> [Work request]:
When copying the records below, keep every word as it is and drop the images.

> [Image-text web data]:
*** Block opens ***
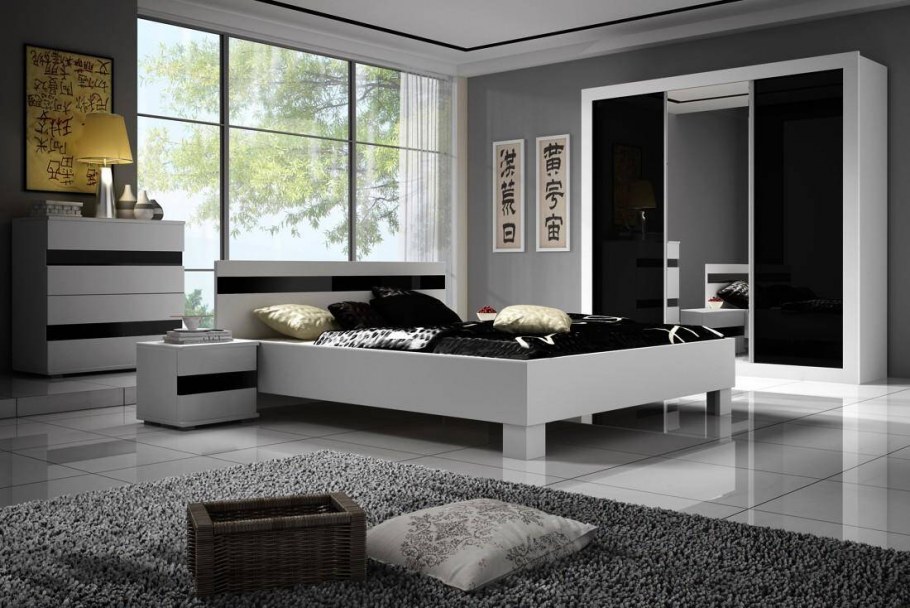 Черно белая мебель в спальне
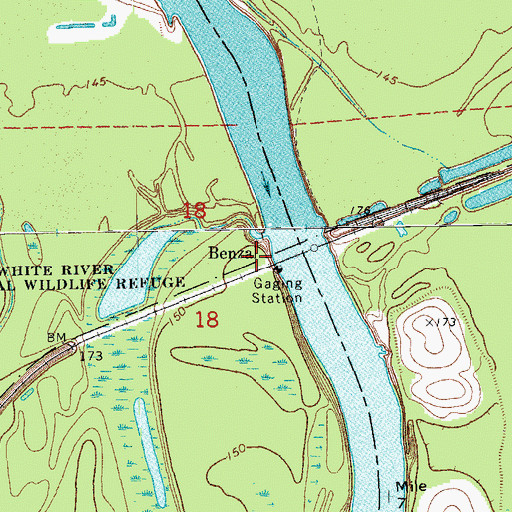 Topographic Map of Benzal, AR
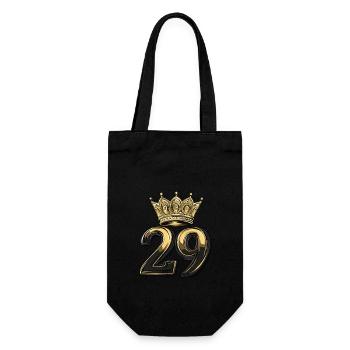 29 Zahl Krone - Geschenkbeutel für Flaschen - Schwarz - Vorne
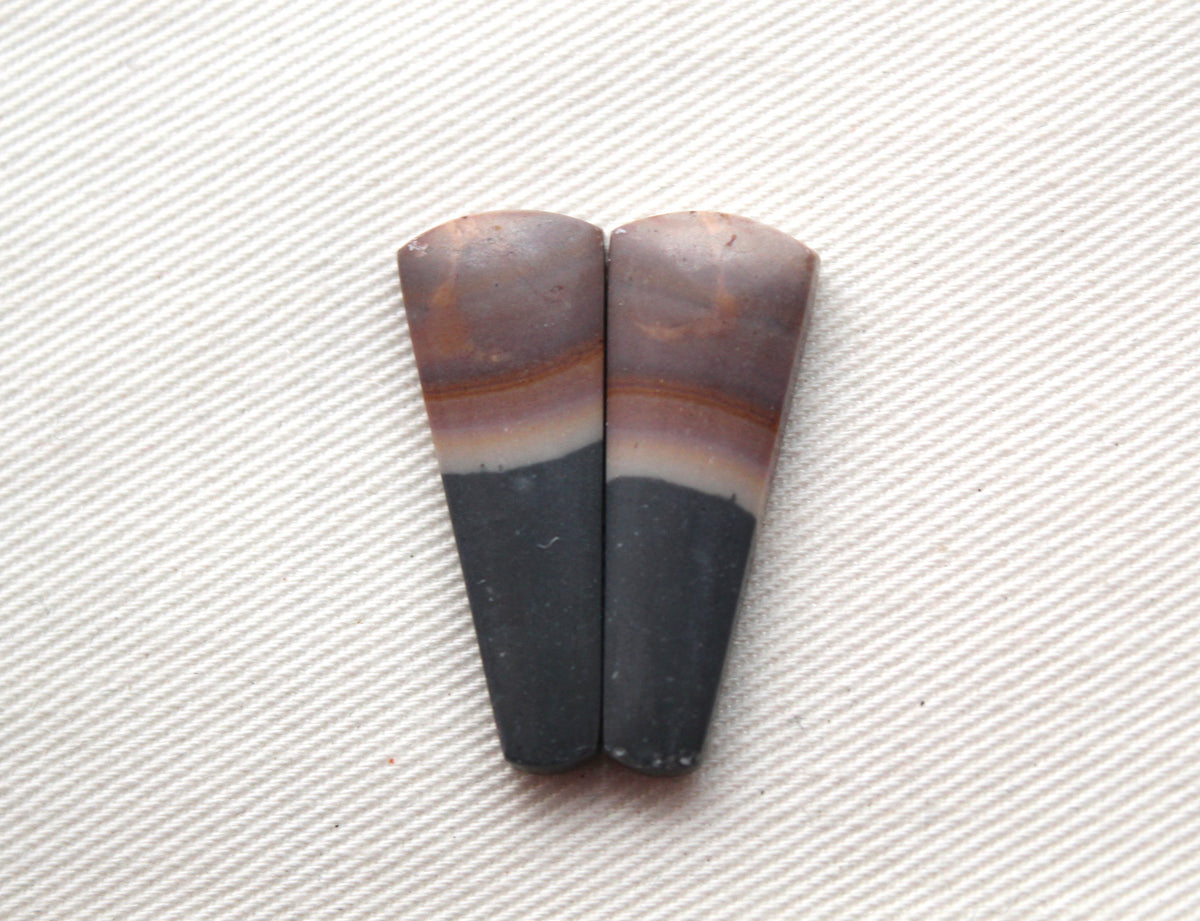 Matching pair of Indonesian Polychrome Jasper Cabochons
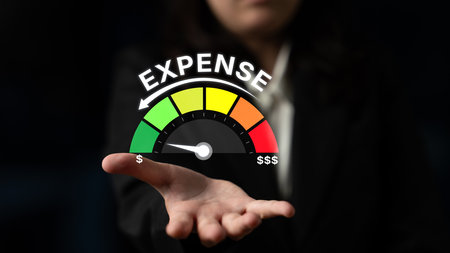 Expense control concept visualizing expense, cost, and spending with emphasis on budgeting, cost...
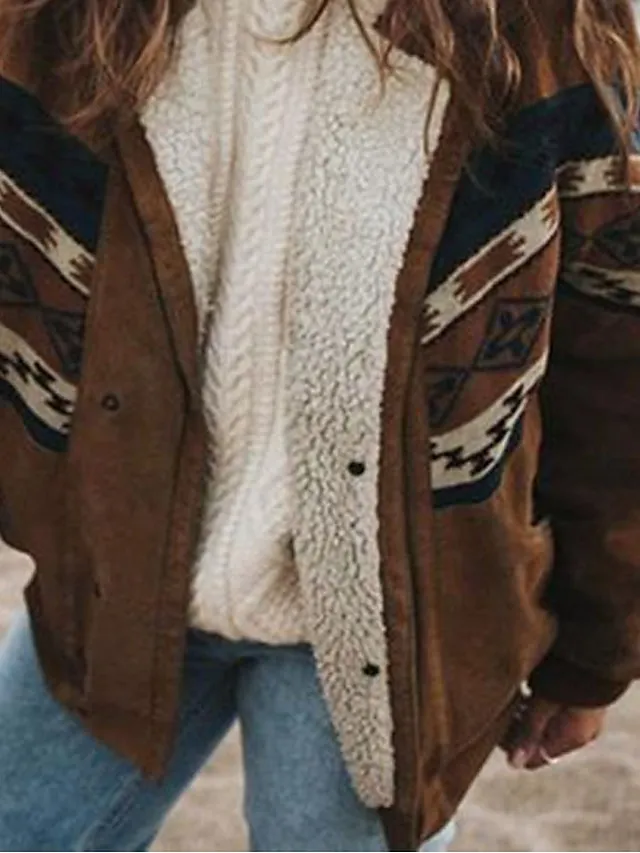 Women's Winter Coat Vintage Jacket Warm Breathable Street Daily Wear Vacation Going out with Pockets Fleece Lined Print Single Breasted Lapel Casual Street Style Geometric Regular Fit Outerwear Long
*** Block closes ***
> [Completed exercise]:
 Черно белая мебель в спальне
 Topographic Map of Benzal, AR
 29 Zahl Krone - Geschenkbeutel für Flaschen - Schwarz - Vorne
 Matching pair of Indonesian Polychrome Jasper Cabochons
 Expense control concept visualizing expense, cost, and spending with emphasis on budgeting, cost...
 Women's Winter Coat Vintage Jacket Warm Breathable Street Daily Wear Vacation Going out with Pockets Fleece Lined Print Single Breasted Lapel Casual Street Style Geometric Regular Fit Outerwear Long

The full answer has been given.